Collectors
The Botkin Collection and the Naïvete of the Educated Consumer
From a wealthy Russian family well known for private art collections and patronage of contemporary artists, Mikhail Petrovich Botkin (1839-1914) fashioned himself as an artist, author, art historian, archaeologist, collector, and advisor to museums and collections. He studied at the St. Petersburg Academy of Art, although his own artworks never received any serious critical acclaim. He was a member of the Imperial Archaeological Commission, consultant for the Department of Medieval and Renaissance Art at the Hermitage, and the Director of the Museum of the Society for the Encouragement of the Arts, among many other roles he assumed or was appointed to in Russian art institutions and societies.

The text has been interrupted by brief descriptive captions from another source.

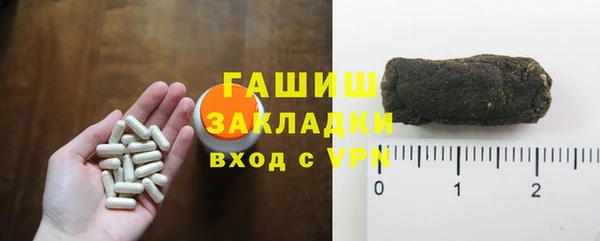 стаф Богданович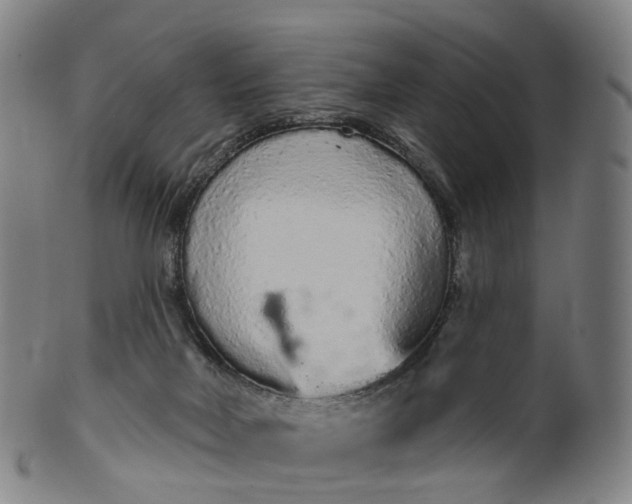 X0000099960026200806061616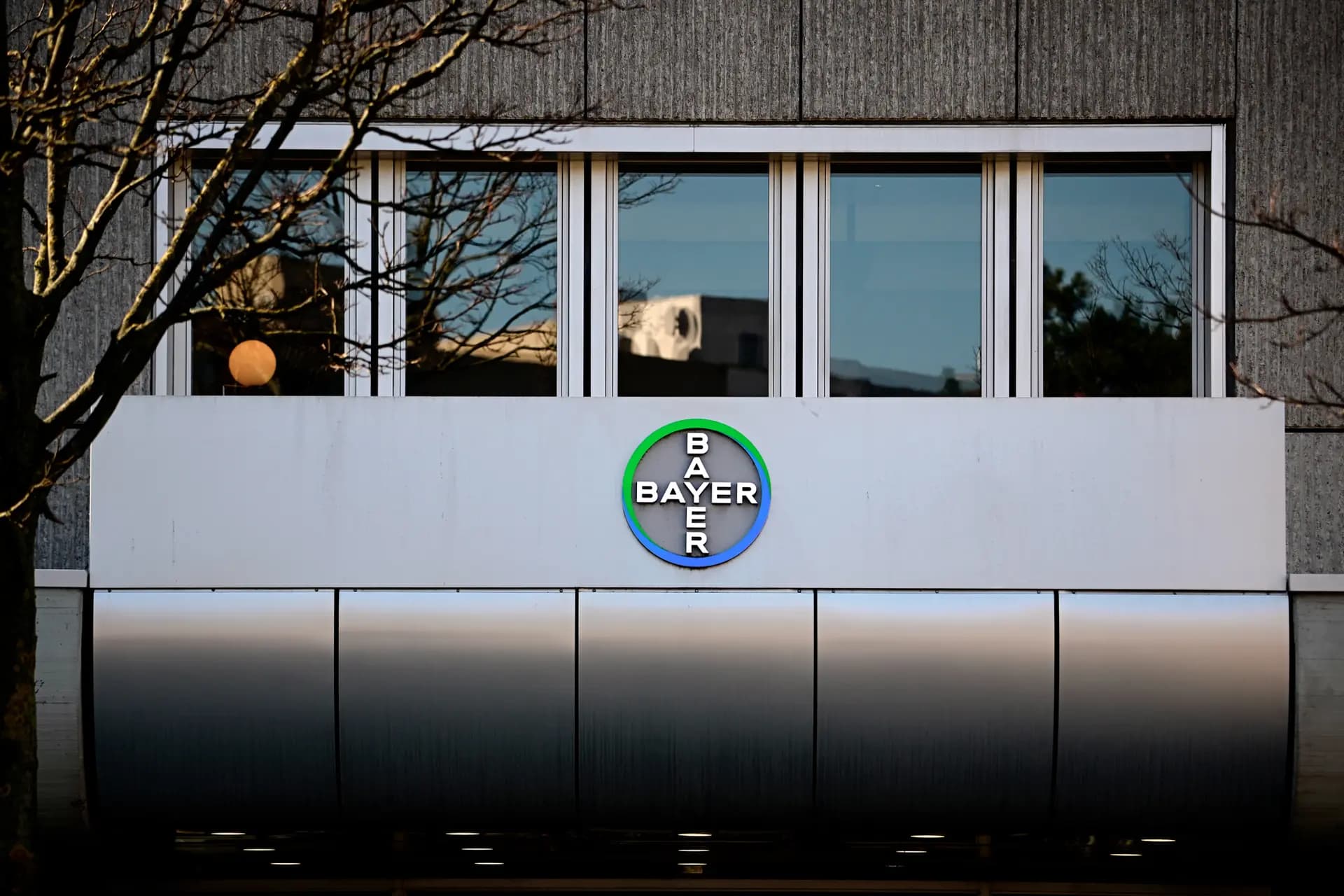El logotipo de Bayer se exhibe en las instalaciones de la empresa en Berlín el 4 de marzo de 2026. La Corte Suprema escuchará los argumentos el 27 de abril en un caso que involucra a Monsanto, adquirida por Bayer en 2018. (Tobias Schwarz/AFP vía Getty Images)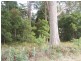 Boxhalls Road, Meander TAS 7304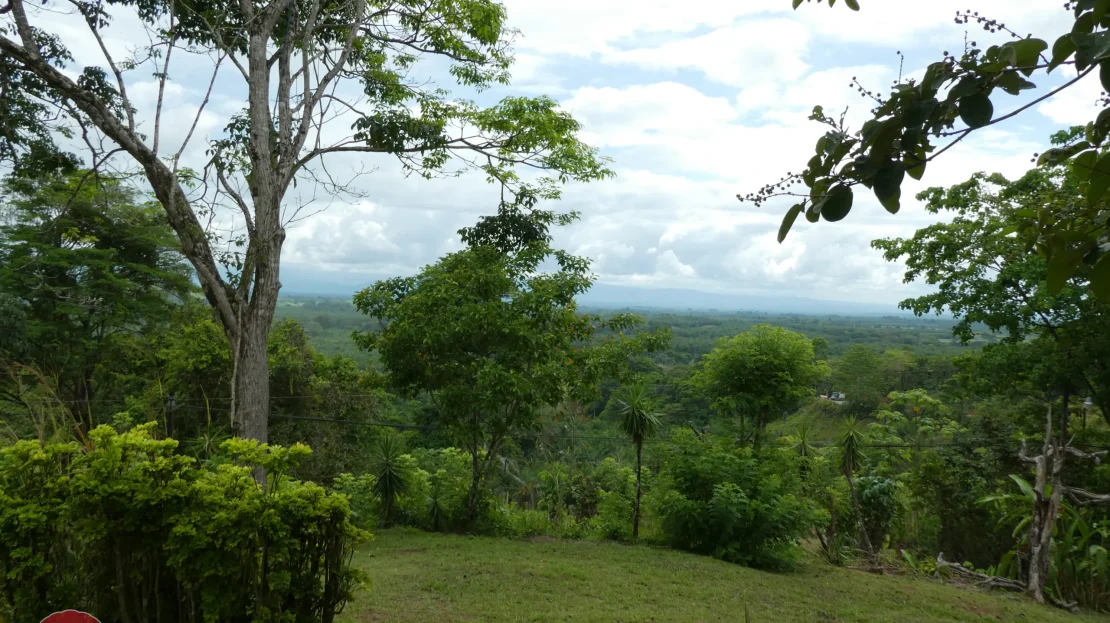 Golfito>Pavones Real Estate Listings 23245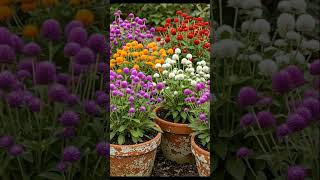 Gompherena Flower Plant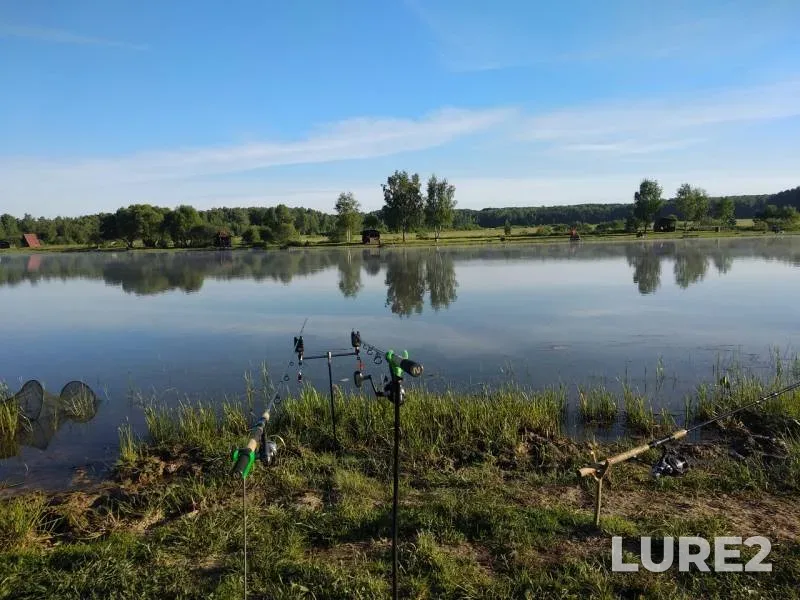 Carp — Moskovskaya oblast, gorodskoy okrug Chekhov, May 27, 2018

During a brief residence in Italy, Botkin collected a few pieces of Renaissance art which he brought with him when he returned to St. Petersburg. Perhaps inspired by the prestigious collections of fellow Russians Zwenigorodskoi and Basilevsky, Botkin collected with unbridled enthusiasm between 1892 and 1911. In 1892, his collection included 7 enamels, but, by 1911, his collection had grown to 162 enamels, including the 43 enamels from the Zwenigorodskoi collection, which he later sold to J.P. Morgan. Like other collectors of his day, Botkin collected paintings, sculpture, metalwork, bronzes, glass, ivories, ceramics, furniture, and textiles, but his enamels are perhaps the most well-known items from his collection, because their authenticity has long been questioned. Most of the enamels had no known history before Botkin acquired them, and they are in such pristine condition that they are unlikely to be from archaeological contexts.

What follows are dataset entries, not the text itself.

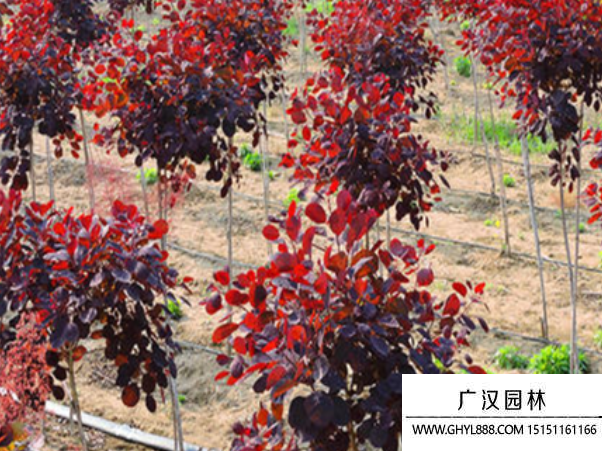 美國紅櫨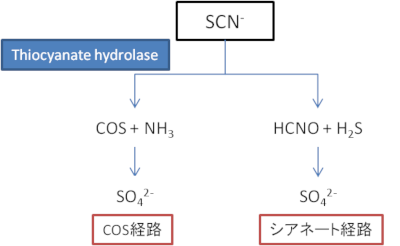 チオシアネートの二つの分解経路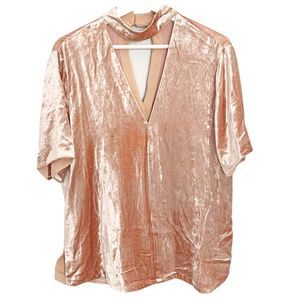 Revolve A.L.C. Blaise Blush Velvet Choker Blouse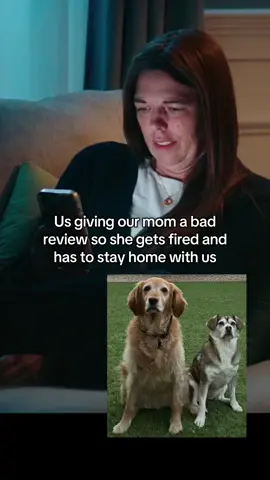 But we only made the last 12 bad reviews. Not the first 3. #dogs #dogsoftiktok #goldenretriever #beaglesoftiktok #dogmom 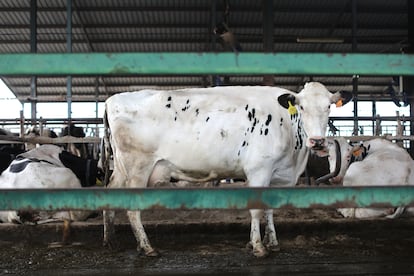 Una explotación de vacas lecheras en Talavera de la Reina (Toledo), el pasado marzo.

Despite the misgivings of renowned scholars such as Kondakov, Botkin published a catalog of his collection in 1911, in which it is clear that he believes his objects to be authentic Byzantine and medieval art. His catalog includes black-and-white photographs of the rooms that housed his collection, but, like other private collectors before him, Botkin chose chromolithography to illustrate individual pieces. In 1923, some items were “restored” to Georgia and the rest sold, many to private collections and museums in the United States even though collectors were uneasy about their authenticity.
Since then, scientific analysis by the Walters Art Gallery in cooperation with Dumbarton Oaks has proven that some Botkin enamels were indeed forgeries. Research into the iconography has demonstrated that the forgers used illustrations from earlier 19th-century catalogs and published studies as models for the Botkin enamels (for example, one of the known forgeries bears remarkable similarities to the illustrations of Abbé Ibach's 1858 study on the enamelled reliquary in Limburg an der Lahn). The final “nail in the coffin” was the recent discovery of papers of a master-designer for Faberge, Franz Birbaum, who was suspicious of the Botkin enamels. Birbaum conducted a quiet investigation and discovered that one of the Faberge craftsmen, Petr Nikolayevich Popov, had been collaborating with a dealer in St. Petersburg to defraud Botkin. Popov confessed to Birbaum that approximately 150 of the 162 enamels illustrated in Botkin’s catalog were his own work.
Among the known forgeries is an enamel depicting St. John Chrysostom (1st row, center, plate 85) now in the Dumbarton Oaks collection.